Why it's wrong to explain Java semantics by looking at bytecode

There are many Java questions on Stack Overflow regarding how various language features work. Giving an answer by compiling some code and looking at the resulting bytecode is often misleading and formally speaking a logical fallacy. Here’s why…

The behavior of any given Java program is determined by the Java Language Specification (JLS). If you compile some Java code to bytecode, the result is just a “projection” of the original program. A projection whose meaning is not determined by JLS (JLS does in fact not even mention bytecode) but by another specification: the Java Virtual Machine Specification. Since there’s no strict 1-to-1 correspondence between the features of the two languages, any conclusions you draw from reasoning about the bytecode doesn’t neccesarily translate directly back to Java.

Here’s an analogy: Suppose someone asks

What does “你好,世界” mean in Chinese?

Then you can’t (in general) answer this reliably by first translating it to English and then use an English dictionary to explain the translated words. There may be multiple correct translations (just as when translating Java code to bytecode) leading to contradictory conclusions. The only sound approach is to look up the words in a Chinese dictionary, assuming you can read it.

Examples of fallacies

When is it reasonable to refer to the bytecode?

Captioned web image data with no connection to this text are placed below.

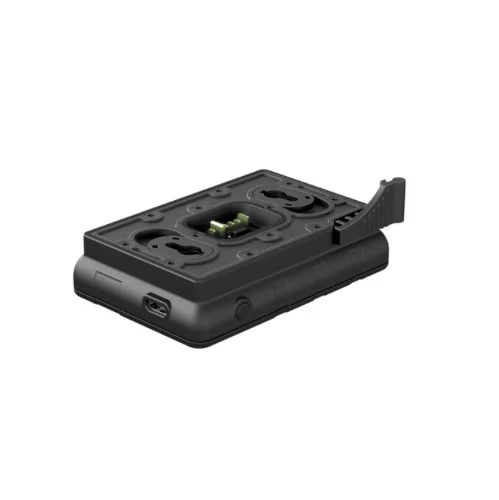 Pulsar IPS Chargeur de batterie avec câble USB et adaptateur 230V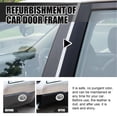 thumbnail image 5 of FHBVT Plastic Scratch Eraser for Cars 2024 New Exterior Plastic Repair Maintenance 100ml for Quick Effective Restoration of Car Interior Exterior Gloss Enhancer with Advanced Hydrophobic Protection, 5 of 5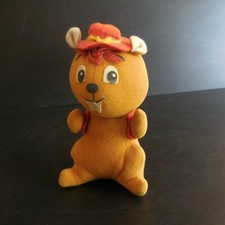 Squirrel Plush Figure Toy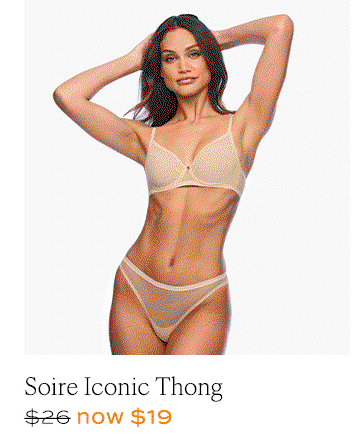 Soire Iconic Thong
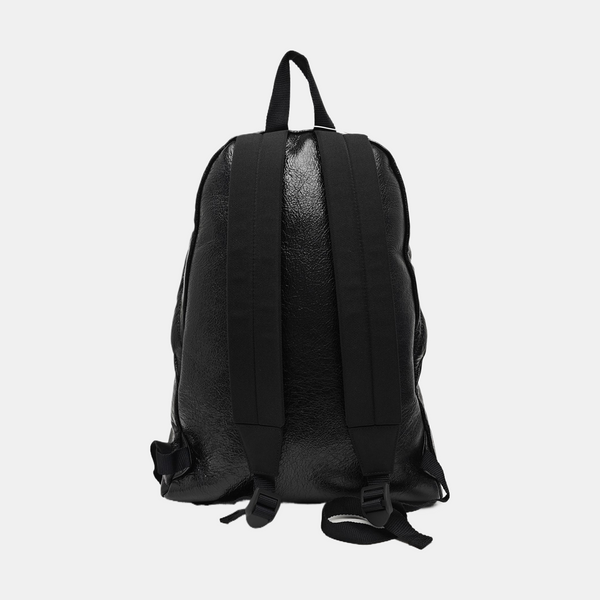 Calfskin Backpack Black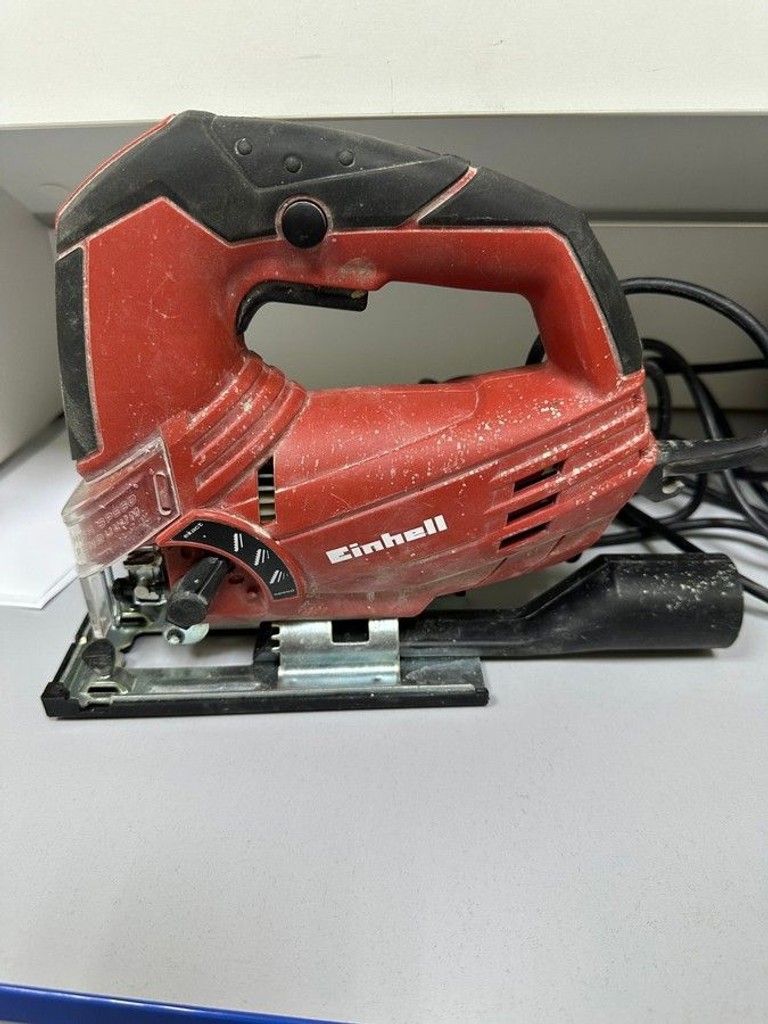Купити Einhell tc-js 85 Б/У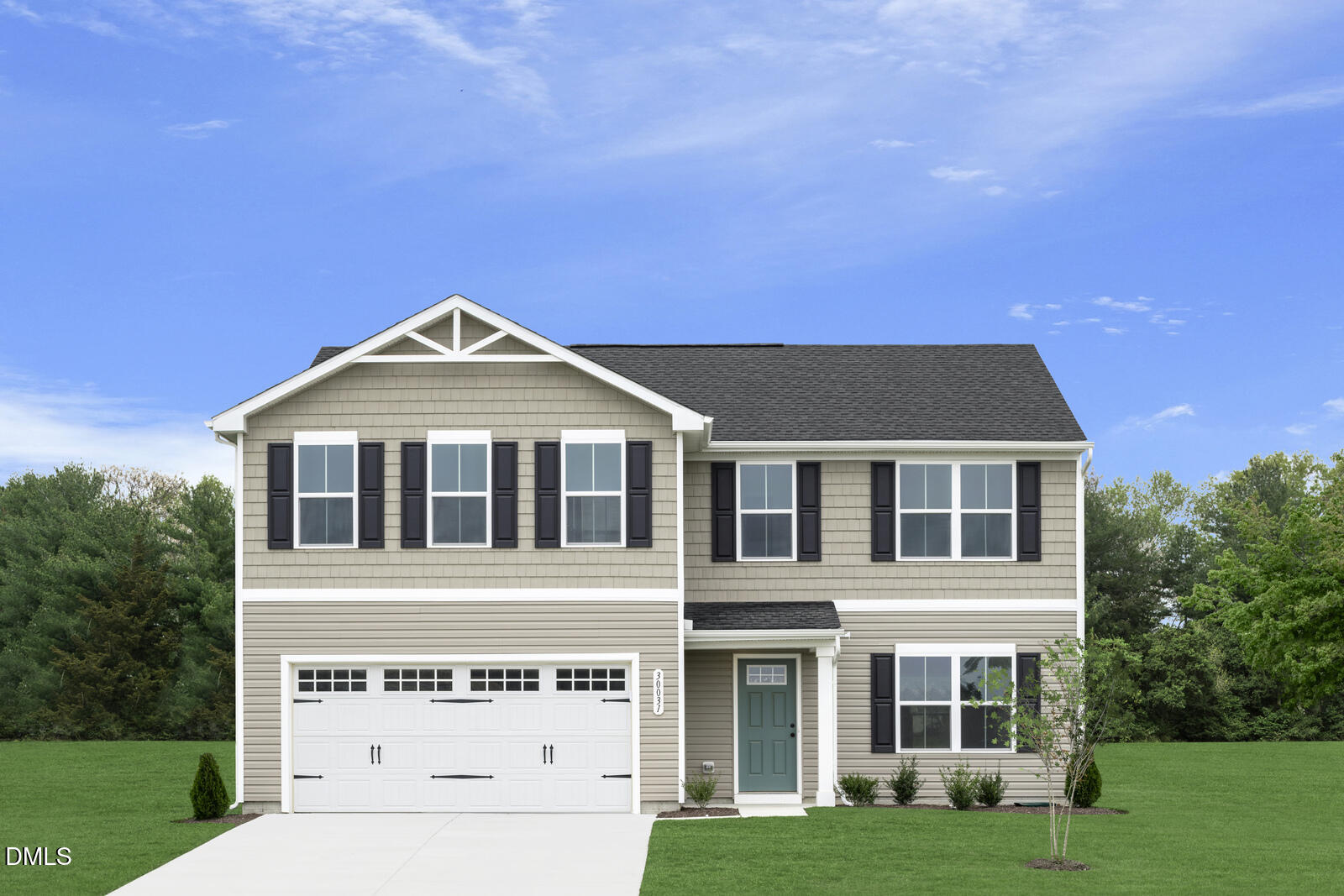 59 Day Song Court, Lillington, NC 27546
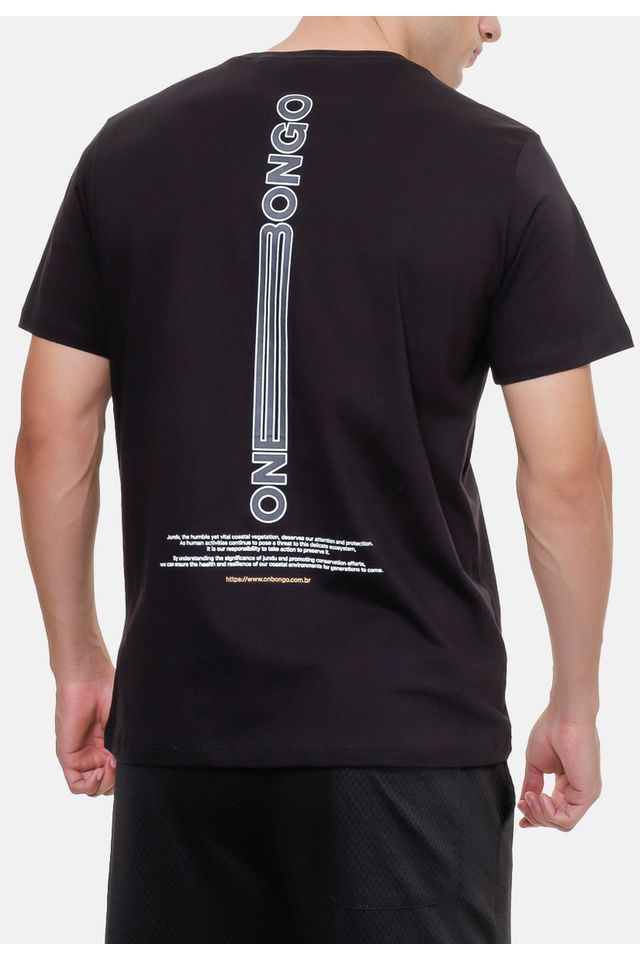 Camiseta-Onbongo-Especial-Preta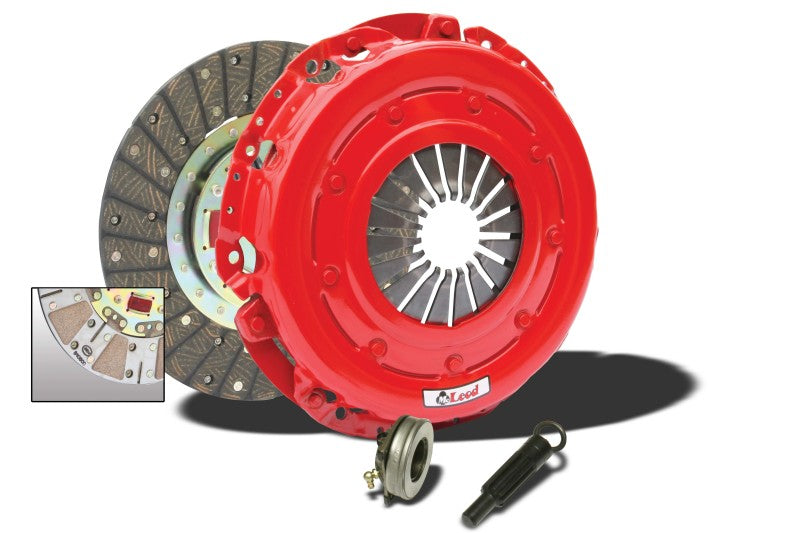 McLeod Super Street Pro Clutch Kit Mopar Diaph 11 X 1-3/16 X 18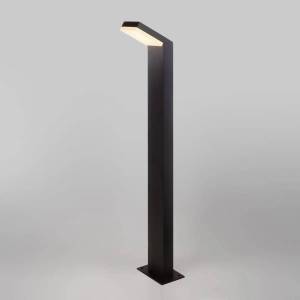 Ландшафтный светодиодный светильник Elektrostandard Sensor 1542 TECHNO LED 3000K Черный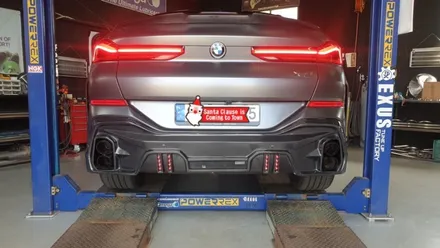 bmw x6 전체랩핑.카본튜닝.크롬랩핑 시공 해보자.장안동랩핑튜닝전문점.튜닝커스텀 / 동대문,광진구,중랑구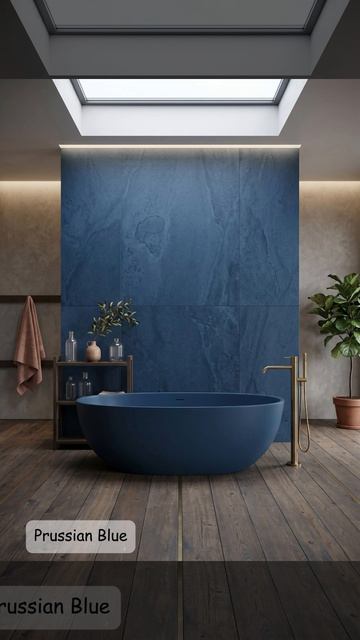 3 сложных оттенка, которые делают интерьер визуально дороже.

There are cases when it’s logically sound to reason about the Java language by looking at the bytecode generated by a spec compliant compiler. Here are a couple of examples:

  • You can illustrate that two snippets of Java code are equivalent by showing that both compile to the same bytecode
  • Show that it’s possible for a language feature function in a certain way. One can for instance use a spec compliant compiler to compile "a" + 1 to show that this doesn’t necessarily create a new string object.
  • You can prove that certain things are impossible. You can for instance show that generic types are not accessible in runtime by demonstrating how type erasure works in a spec compliant compiler.